Ce qu'il y avait d'intéressant chez Winifred c'était de voir comment ce bout de femme bavard et nerveux, devenait calme et silencieux quand elle « travaillait ». Toute son attention était fixée sur l'écran, elle était bien, elle-même, dans sa petite bulle. Ses doigts pianotaient avec dextérité, son regard se promenait sur la page, sachant toujours exactement où se positionner. Il n'y avait pas d'hésitation ; là où le commun des mortels posaient des questions au moteur de recherche, elle, elle exploitait des parenthèses, astérisques, traits d'union et on en passe. Les questions se transformaient en une espèce de langage codé qui lui permirent de resserrer le champs des recherches à Edendale. Onglet numéro 1 : prêt. Il ne contenait qu'une excellente et pointilleuse recherche affichant tous les articles, journaux comme blog, de ceux ayant narré la nuit de l'explosion. Elle alla installer un logiciel et enregistra tout les articles de la page une de Google dans des documents words puis envoya le tout sur le logiciel

Tu pourrais tout lire mais ça serait super long. Je t'ai mis ça, je l'utilise pour mes jeux, ça va plus vite.

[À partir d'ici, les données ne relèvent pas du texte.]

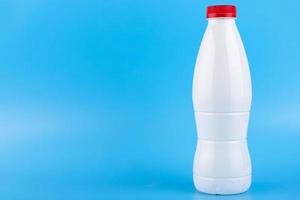 White plastic bottle with red cap for milk on a blue background. Copy space. photo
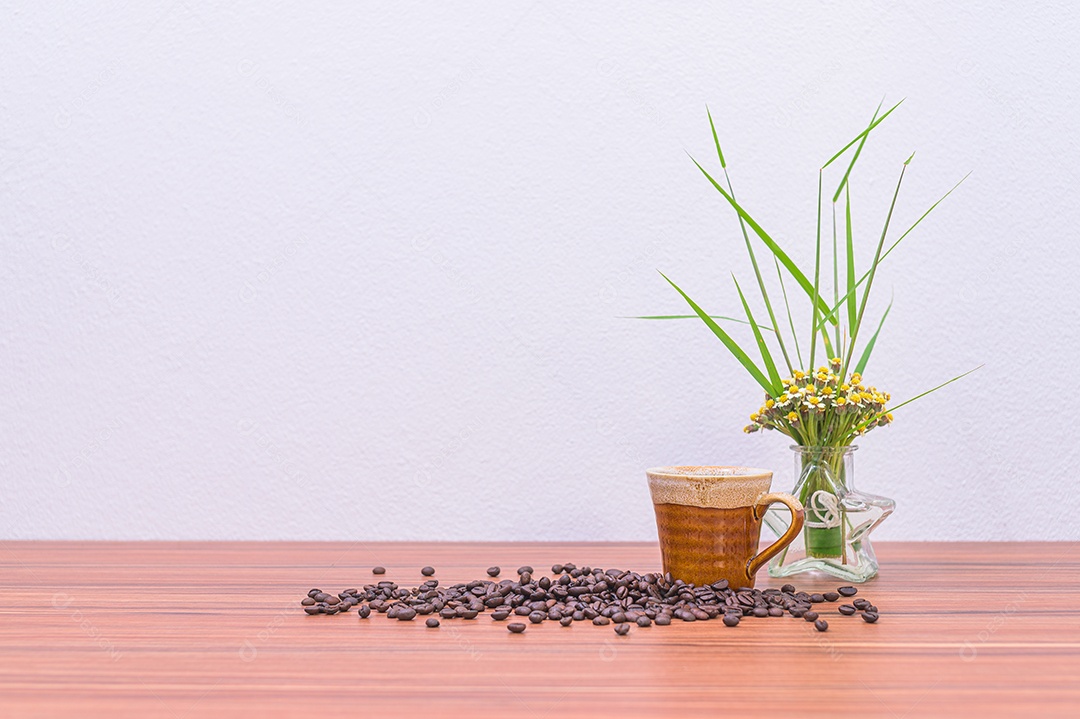 Grãos de café e vasos de flores na mesa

Hop, elle clique sur « scanner » et entre divers mots clefs dans le champs : « mots clefs ». Atriens. Bizarre. Découverte. Danger. A savoir. Le logiciel charge… et finit par afficher les occurrences. Ils ne s'agit pas de dire combien de fois ces mots ont été écris mais où. Rapidement elle va voir les mots qu'elle préférait, à savoir, découverte et bizarre. Et… ça paye.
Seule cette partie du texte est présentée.